A query for editing data shows many fields at once.
Notes:
These are somewhat cryptic notes made to myself about using the database. You
might find them helpful after you've studied the database. The original database
was one flat table with no linked tables. If you prefer that format, it is easy
to recreate it using the MakeTable query that is provided in the database for that purpose.
Notes 6/4/2002
- Pulling repetitive data (authors, publishers, wherepub) into separate tables
linked to BOOKS through ID fields (partially "normalizing" the database) didn't decrease the database size; it increased
it! But it is more technically correct, and it does facilitate mass editing,
and the automatic related-table lookups make it easy to find all the books by
a particular author (for example) just by browsing the Authors table rather
than by creating a query.
- However, the multiple tables did seriously complicate the entry of new books
because in some cases new data entered will be rejected as a result of the complications
introduced by all the one-to-many relationships. A new form is needed for data
entry, with dropdown comboboxes for finding authors, etc. In some cases, the
order in which you enter fields is important, and on the form you should order
the fields so that when this is the case, it forces the correct order to be
used.
- In maintaining the database, revise the Publisher, WherePub, or Author entries
only in the Books-All-UseForEditing query (which has all the "ID"
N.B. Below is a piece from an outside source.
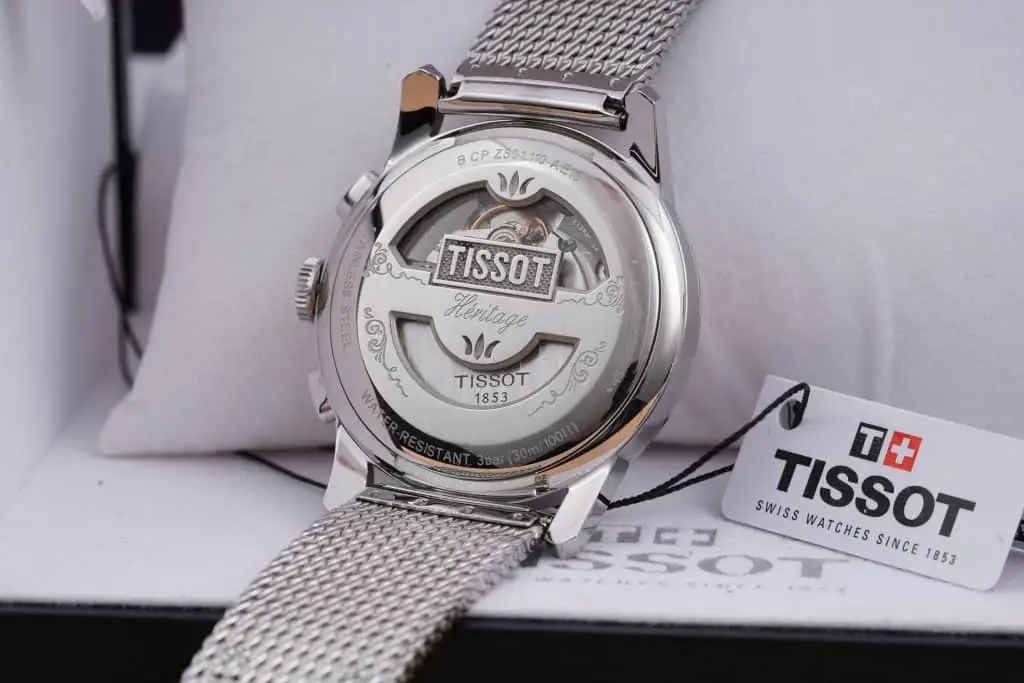The caseback of a Tissot Heritage. Displayed are the water resistance numbers and the materials the watch is made with.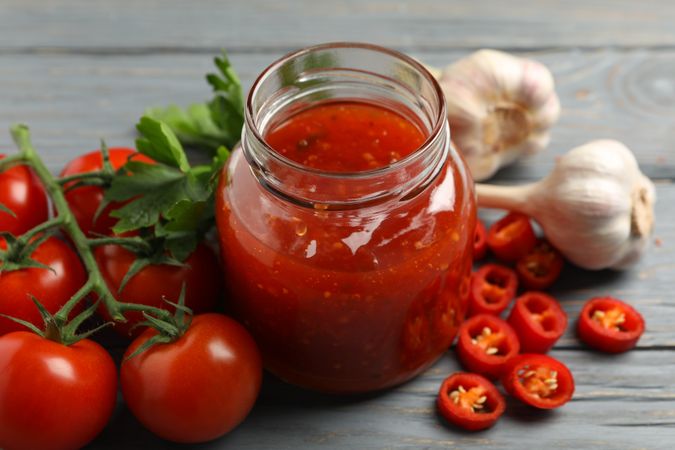 Jar with red chilli and tomato sauce, and spices on wooden table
link fields), and be careful. In these fields, I often used the
exact text and punctuation shown in the book, which often varies for
the same publisher over time and helps to date books with no publication date
shown. If you do standardize and regularize entries where the publisher names
are abbreviated (by me) or differ only in spacing (which won't interfere with
the above), then here is how to do it:
- If there is an existing Publisher that is exactly the one you
want to use, just change the PubID field of the book you want to
change.
- If not, change the Publisher field directly; this will change
the entry for that publisher ID in the Publishers table, and thus
everywhere it appears in the database, which in this situation is probably
what you want.
- You can periodically use a FindUnmatched query to locate and delete
entries in the Publishers table that are no longer used by the Books table.